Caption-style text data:
=======

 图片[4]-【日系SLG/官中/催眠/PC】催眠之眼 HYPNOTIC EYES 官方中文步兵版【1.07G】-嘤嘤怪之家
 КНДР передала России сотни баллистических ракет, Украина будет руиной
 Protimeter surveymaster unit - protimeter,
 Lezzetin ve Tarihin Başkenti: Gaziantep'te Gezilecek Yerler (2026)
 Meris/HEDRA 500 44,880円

=======

> WHAT THE EXERCISE ASKS: A word-for-word restatement of the data above is required.

> RESULT FOR THIS EXERCISE:
 图片[4]-【日系SLG/官中/催眠/PC】催眠之眼 HYPNOTIC EYES 官方中文步兵版【1.07G】-嘤嘤怪之家
 КНДР передала России сотни баллистических ракет, Украина будет руиной
 Protimeter surveymaster unit - protimeter,
 Lezzetin ve Tarihin Başkenti: Gaziantep'te Gezilecek Yerler (2026)
 Meris/HEDRA 500 44,880円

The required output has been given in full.